Investing the first $2,000 (or any $2,000 for that matter) in the stock market can be an intriguing exercise. Obviously, investors want to pick the best stocks possible with any amount of money. But putting capital to work in today’s market isn’t as easy as it has been in the past. I think that kind of goes without saying.
Valuations have surged to levels that may make many value investors wary. Indeed, for value-conscious investors out there, it’s hard to find what many would consider value stocks in this current environment.
That said, there are some excellent options available on the TSX I think investors may want to consider. These are companies I’d put my first $2,000 into (or my next $2,000). Here’s why.
Fortis
Fortis (TSX:FTS) is a top Canadian utility giant, owning and operating 10 utility transmission and distribution assets in Canada and the United States. The company serves more than 3.4 million customers in the region with gas and electricity. In addition, Fortis has smaller stakes in electricity generation and multiple Caribbean utilities.
At a recent share price of around $62, Fortis shares offer a dividend yield of close to 4%. This is among the most secure dividends in the market when one factors in the company’s relatively low 74% payout ratio, as well as the fact that Fortis’s management team has raised its distribution for more than 50 years. The company’s commitment to maintaining its dividends comes from earnings and predictability, wherein its consistency was lost lately due to challenges it faces in an environment of rising interest rates.

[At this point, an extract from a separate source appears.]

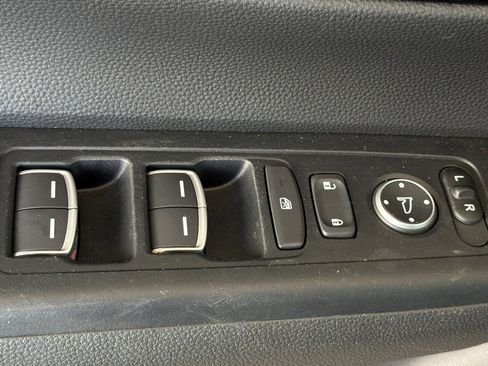 Used 2024 Honda CR-V EX-L image 12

Fortis has a successful history of growth through strategic acquisitions and investment projects. The company’s current five-year $26 billion capital program is expected to grow the rate base from an estimated $39 billion in 2024 to $53 billion in 2029. In addition, the new assets that come online must provide revenue and cash flow to support annual dividend increases of 4% to 6%. All these factors make Fortis a must-buy stock to invest in $2,000 in the Toronto Stock Exchange.
Restaurant Brands
Restaurant Brands (TSX:QSR) has approximately 30,000 fast-food outlets in more than 120 countries and is one of the world’s largest networks of quick-service restaurants. In addition, the brand owns some of the world’s most popular brands: Tim Hortons, Burger King, Firehouse Subs, and Popeyes Louisiana Kitchen.
Each brand operating under Restaurant Brands is unique, with different menus, customer sets, franchisees, and communities over decades. Restaurants are popular for quick and affordable meals at prices equal to or less than others. A large international network of franchisees operates these stores.
Investments in the fast-food industry are promising for growth, but not every company will outperform the market. Restaurant Brands International is already reaping the results of its improvements with strong financial performance. It has delivered a 1.9% growth in consolidated comparable sales for the second quarter of 2024.
The brand is aggressively vying to take up the status and profitability of its outlets. It is why the holding company invests in everything from menu changes to remodelling stores for the growth of the company. Thus, Restaurant Brands has financed $85 million in the “Fuel the Flame” program for franchisees running Burger King to upgrade high-quality remodels and upgrade technology and building renovations.
Over the long term, I see both Restaurant Brands and Fortis seeing capital appreciation growth driven by stronger fundamentals as well as strong dividend yields. This should provide investors with market-beating total returns. That’s my base case, anyhow.